I have a dataset of around 100,000 companies. For each company, I have a bunch of features such as: Number of employees, Number of customers, Number of complaints, other additional company attributes and the current number of managers for each company.
My goal is to determine how many managers a company “should” have, even though there is no direct label indicating whether the current manager count is correct or adequate. Essentially, I want to: Identify companies that may be under-managed and eventually build a calculator so that if a new company gives me its data (employees, customers, etc.), I can suggest a recommended manager count. Since there’s no ground truth or existing label (e.g., the ideal manager count is X), I’m exploring unsupervised approaches such as clustering. The idea is to group companies by their operational characteristics (employees, customers, complaints, etc.) and then derive a typical or “normative” manager count (or ratio) within each group.
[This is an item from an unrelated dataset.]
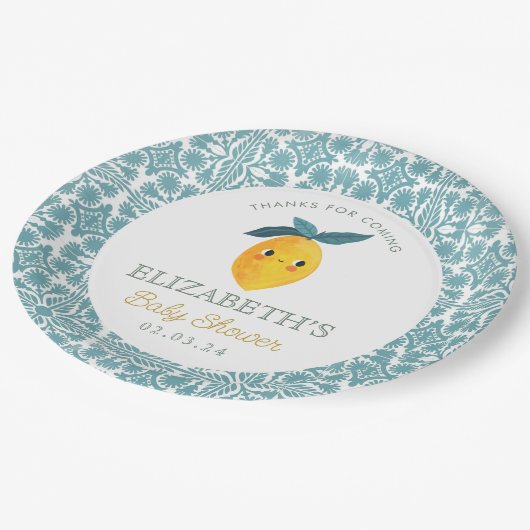 リトルかわいこちゃんレモンシトラスベビーシャワー ペーパープレート (アングル)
However, I’m unsure about the best way to include the existing manager count in this analysis. Specifically:
Should I exclude the manager count when clustering, then afterward analyze the distribution of manager counts within each cluster to see which companies deviate? or should I include the manager count in the features during clustering, so the algorithm can learn patterns of how many managers typically go with a given company profile?
I also wonder how to validate or compare different approaches, given the lack of direct labels. Are there standard methods, internal metrics, or domain-driven techniques to confirm that a derived “manager count” is sensible? Are there best practices for deciding thresholds (e.g. identifying outliers who deviate significantly from the cluster average)?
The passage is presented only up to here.